Michael Gold michael at bitplane.org
Thu Nov 14 21:33:15 GMT 2024


Michael, thanks for the work-around.

On Thu, Nov 14, 2024 at 20:08:39 +0000, Simon McVittie wrote:
>     setfacl -m group:staff:r-x /etc/polkit-1/rules.d
>     setfacl -m user:michael:r-x /etc/polkit-1/rules.d
> 
> which I believe neither dpkg nor systemd-tmpfiles will interfere with.

That was the first thing I tried, long ago; the access control lists get
deleted.

> The big advantage of the increasingly mis-named tmpfiles.d is that it's
> declarative, unlike maintainer scripts, which are imperative code that
> can in principle do absolutely anything, and as a result is difficult
> to analyze or reason about.

Out of curiosity, how do we tell whether it's mis-named or is just being
increasingly mis-used?

I like the idea of Debian packages being more declarative, but it seems
like something that ought to be handled by dpkg, which could maybe do a
better job of respecting areas such as /etc that are meant to be mostly
under administrator control (for example, when I've changed a file, I'm
prompted about whether to replace it with a new version).
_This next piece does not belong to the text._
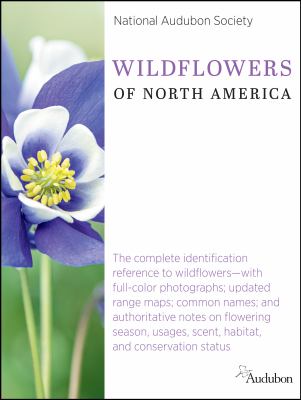 National Audubon Society wildflowers of North America : the complete identification reference to wildflowers--with full-color photographs; updates range maps; common names; and authorative notes on flowering, season, usages, scent, habitat, and conservation status  cover image cdn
A similar problem came up recently in Debian bug #1074076.  The file(s)
can't be initially installed with proper ownership, because the owner is
a dynamic user and may not exist yet; so the postinst script needed to
run "adduser" and "chown", but it'd be nicer to do both declaratively.
(It was also noted that checking dpkg-statoverride is a hack.)

> if the upstream- or distro-provided permissions *changed*, that change
> would not be reflected on existing systems (unless applied redundantly
> by imperative code in the maintainer script), and that's maybe bad.

I think all that matters for your stated goal is that the directory is
not world-accessible when created.  Even that doesn't really matter till
an administrator starts to change settings there; the installed list of
packages, and their default rules, are publically available.